--- Task input Enclosed Below ---

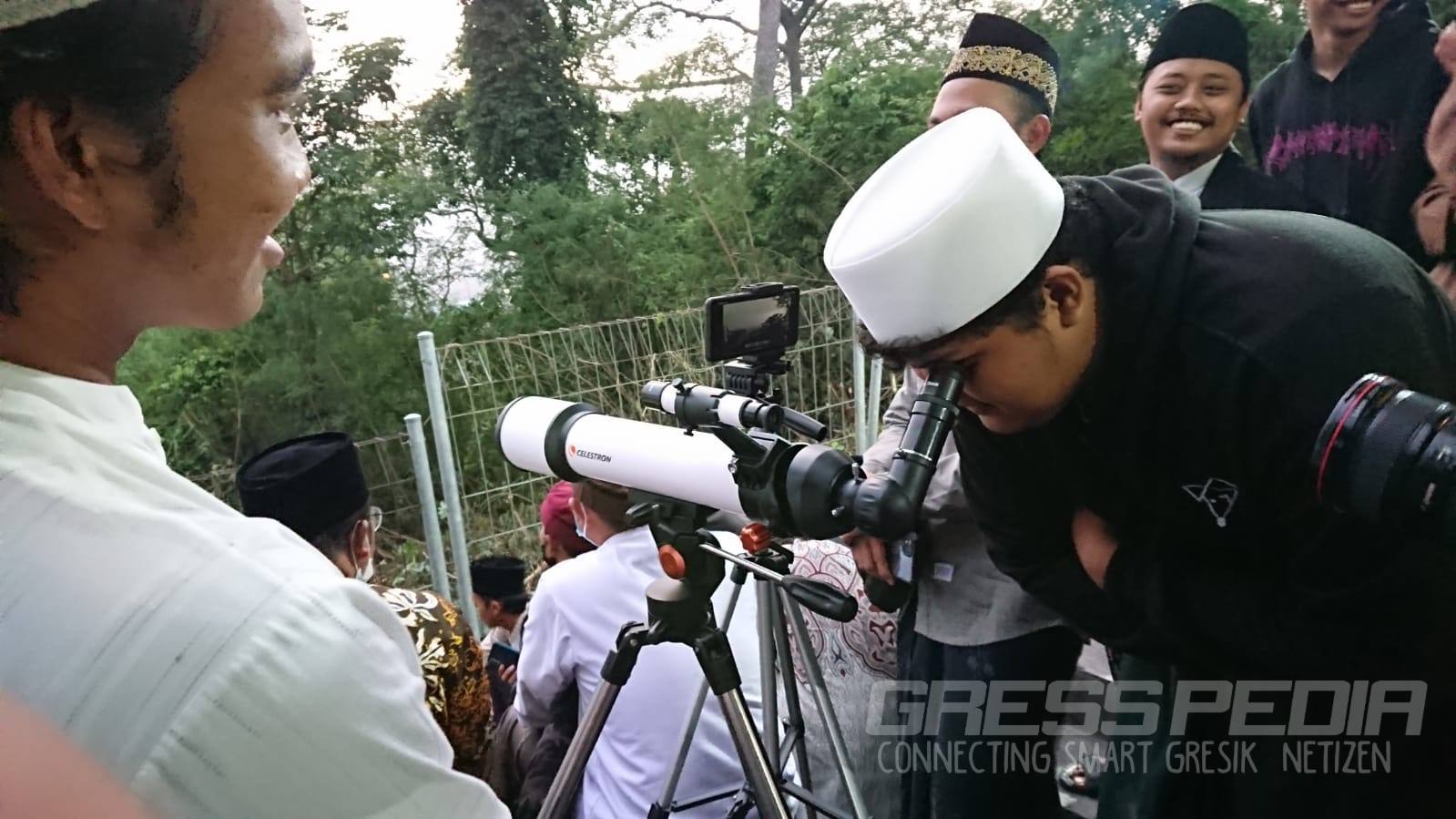 Pantauan LFNU Gresik, Hilal Tidak Terlihat di Balai Rukyat Bukit Condrodipo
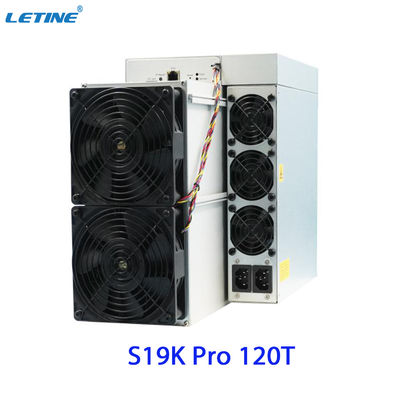 Fast shipment Bitmain Asic Antminer S19K Pro 120T 23W Low Power Consumption for Bitcoin Mining Machine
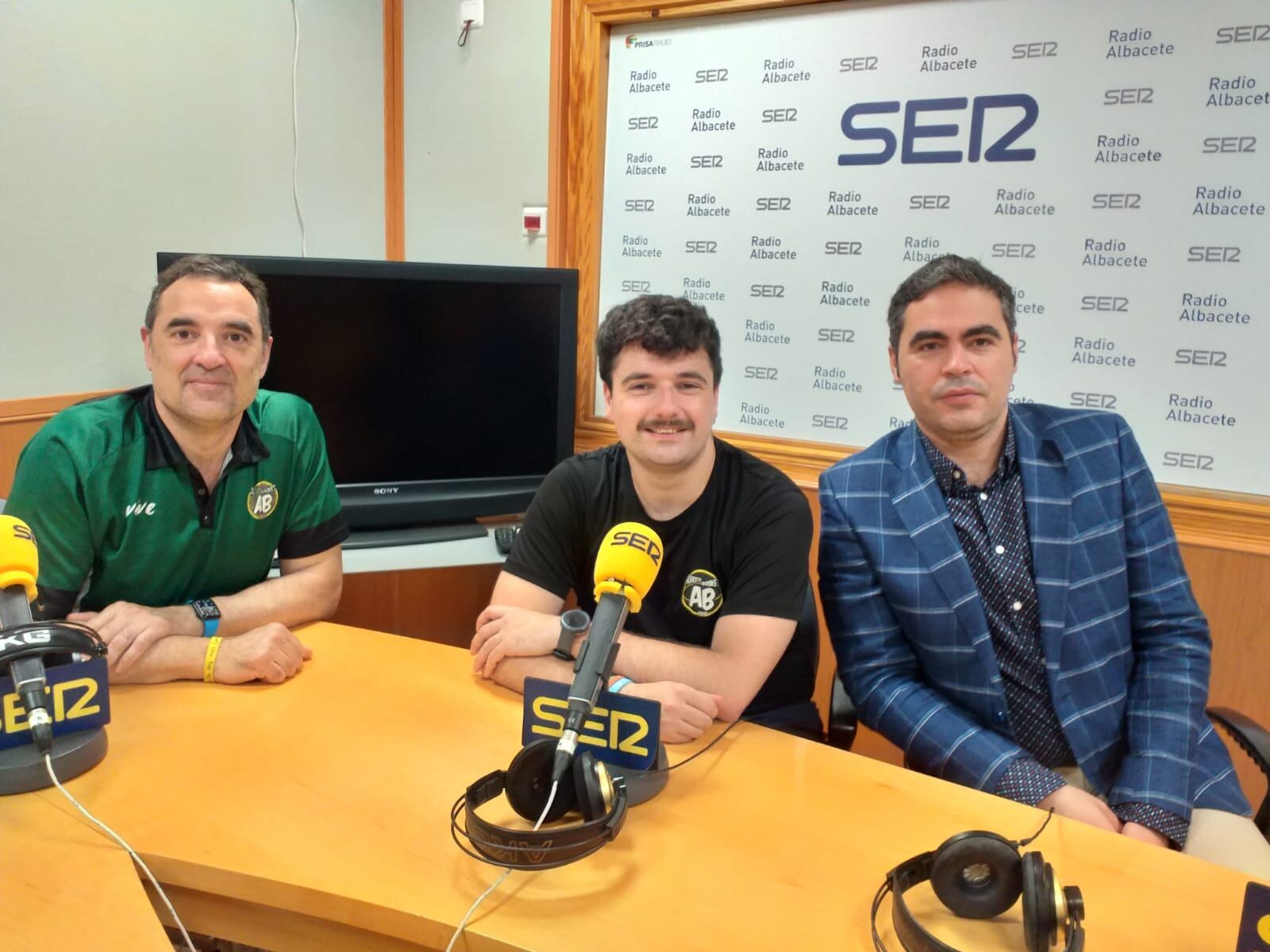 Jacinto Navarro, Rubén Córcoles y Pedro Torres, en Radio Albacete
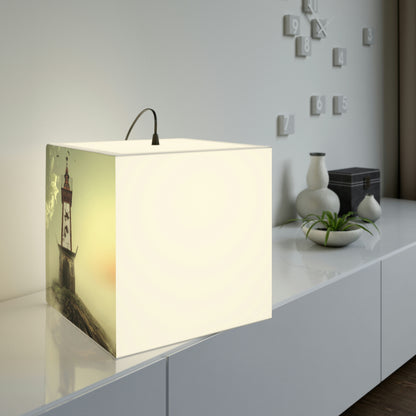 "Ghostly Beacon in the Fog" - Die Alien Light Cube Lampe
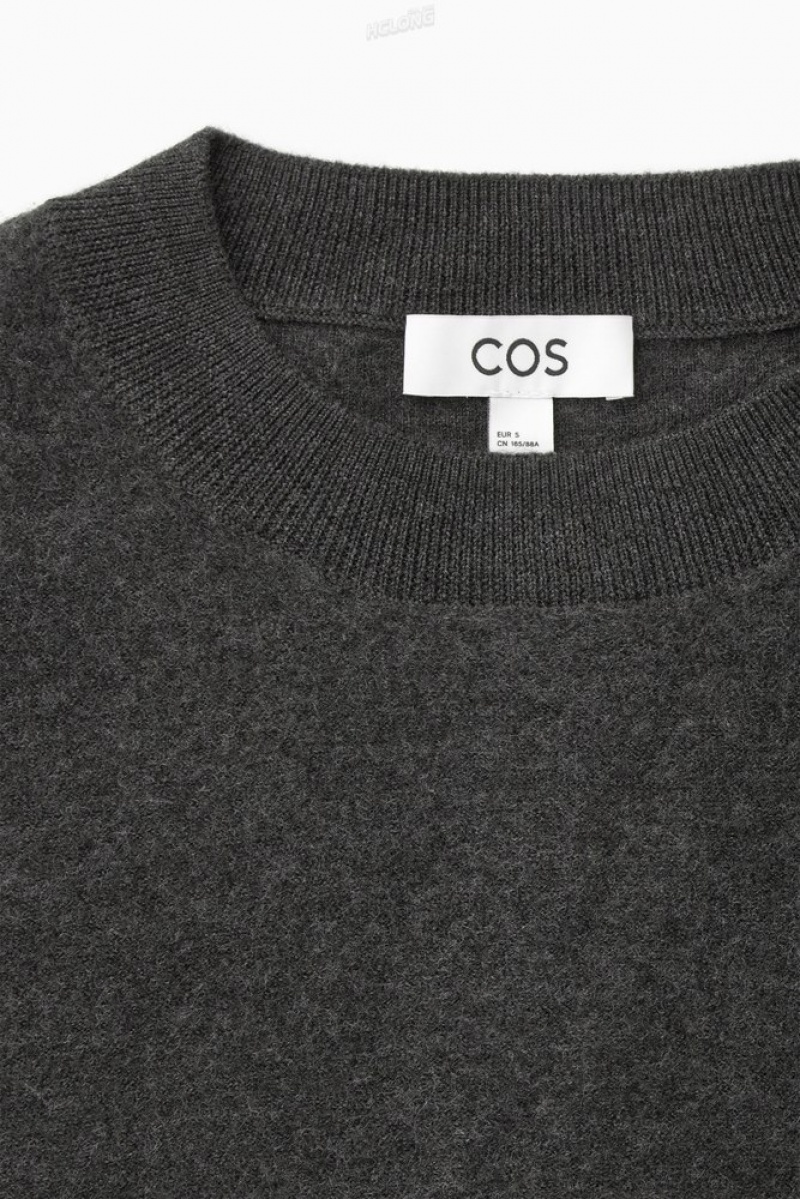 Black COS Boiled Merino Wool Jumper | BJ87-N9UT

--- End of Enclosed Task input ---

### Work request
Please repeat each record exactly and keep every picture out of the copy.

### Answer area
 Pantauan LFNU Gresik, Hilal Tidak Terlihat di Balai Rukyat Bukit Condrodipo
 Fast shipment Bitmain Asic Antminer S19K Pro 120T 23W Low Power Consumption for Bitcoin Mining Machine
 Jacinto Navarro, Rubén Córcoles y Pedro Torres, en Radio Albacete
 "Ghostly Beacon in the Fog" - Die Alien Light Cube Lampe
 Black COS Boiled Merino Wool Jumper | BJ87-N9UT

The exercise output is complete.